Welche Maßnahmen müssen ergriffen werden, damit Privatpersonen besser über die Gestaltung von artenreichen Privatgärten informiert werden?
Dazu können wir nach Abschluss des Projektes sehr viel mehr sagen, denn genau mit dieser Frage beschäftigt sich unser Projektpartner NABU. In unseren Workshops und in den anderen empirischen Untersuchungen erheben wir nicht nur den Wissensstand der Gartenbesitzerinnen und Gartenbesitzer, sondern auch deren Informationsbedarf. Für beides werden geeignete Kanäle und Kommunikationsinhalte analysiert: Ob Gartenbesitzerinnen und Gartenbesitzer sich beispielsweise eher über kommunale Angebote informieren oder eher Social Media nutzen, wirkt sich darauf aus, welche Kommunikationskanäle zu ihrer Aktivierung genutzt werden sollten. Entsprechend müssen zielgruppenangepasste Kommunikationsmaterialien und -angebote entwickelt werden, die Lust auf eine vielfältige Gestaltung des eigenen Gartens machen.

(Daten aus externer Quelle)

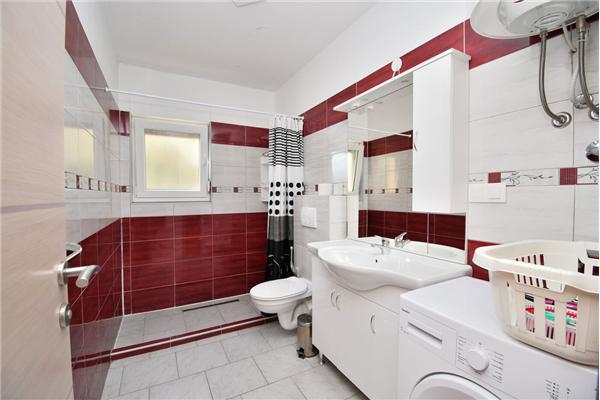 House K1, for 9 persons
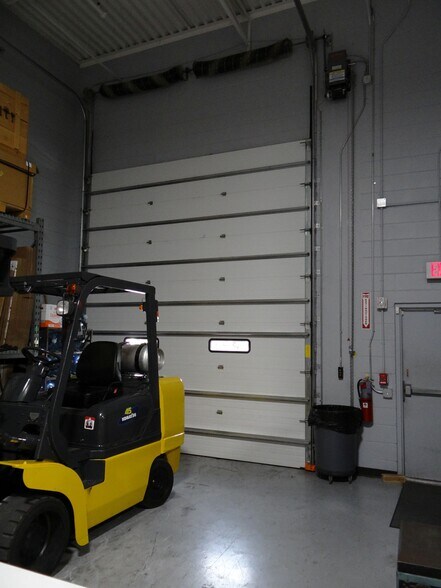 More Photos Of 9875 18th St N, Saint Petersburg Manufacturing For Lease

Welche Ergebnisse erhoffen Sie sich von gARTENreich und was sollte nach dem Projekt passieren?
Zum einen wollen wir neue Kenntnisse darüber erlangen, wie die Gartengestaltung sich auf die Artenvielfalt auswirkt. Zum anderen wollen wir mehr über die hemmenden und fördernden Faktoren bei der Umsetzung einer vielfältigen Gartengestaltung in Erfahrung bringen und wir wollen mehr darüber wissen, welche Politikinstrumente, Informationen und Kommunikationskanäle bei Gartenbesitzerinnen und Gartenbesitzern Verhaltensänderungen bewirken können. All dieses Wissen stellt eine wesentliche Grundlage für die Gestaltung von Politik dar: Kommunen sollen dafür Strategien und Handlungsempfehlungen an die Hand bekommen, um aktiv werden zu können. Und natürlich erhoffen wir uns eine breite Aufmerksamkeit für das Thema. Im besten Fall kann das Erfahren von Selbstwirksamkeit im eigenen Garten ein Umdenken über die eigenen Beiträge zu einem ökologischen Wandel der Gesellschaft befördern.